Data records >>
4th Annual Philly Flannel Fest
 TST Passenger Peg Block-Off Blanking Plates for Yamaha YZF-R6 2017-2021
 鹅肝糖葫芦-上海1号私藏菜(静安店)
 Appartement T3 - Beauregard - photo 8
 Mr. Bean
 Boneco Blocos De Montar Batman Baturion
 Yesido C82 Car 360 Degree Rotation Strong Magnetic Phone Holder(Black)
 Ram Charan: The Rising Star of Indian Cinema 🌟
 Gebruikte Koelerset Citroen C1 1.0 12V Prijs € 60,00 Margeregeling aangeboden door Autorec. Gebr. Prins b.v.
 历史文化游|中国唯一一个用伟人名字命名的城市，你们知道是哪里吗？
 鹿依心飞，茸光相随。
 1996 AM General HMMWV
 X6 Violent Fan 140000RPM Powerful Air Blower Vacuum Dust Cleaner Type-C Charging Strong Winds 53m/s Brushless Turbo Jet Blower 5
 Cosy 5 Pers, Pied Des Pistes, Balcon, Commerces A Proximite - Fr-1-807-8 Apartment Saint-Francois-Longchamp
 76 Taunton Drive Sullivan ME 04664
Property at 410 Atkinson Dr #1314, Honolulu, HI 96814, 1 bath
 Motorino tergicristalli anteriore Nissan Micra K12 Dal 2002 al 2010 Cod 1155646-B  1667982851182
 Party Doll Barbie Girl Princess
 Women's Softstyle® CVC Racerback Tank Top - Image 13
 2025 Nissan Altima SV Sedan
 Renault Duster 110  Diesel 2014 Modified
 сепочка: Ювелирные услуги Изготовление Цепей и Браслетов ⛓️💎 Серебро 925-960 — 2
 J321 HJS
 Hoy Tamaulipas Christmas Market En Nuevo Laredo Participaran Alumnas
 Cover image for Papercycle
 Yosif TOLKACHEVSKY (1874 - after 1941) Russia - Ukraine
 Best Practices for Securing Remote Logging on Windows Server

Work to be completed >>
Say how many lines in the entries include the word "Strong", with no text around the number.

Exercise answer >>
2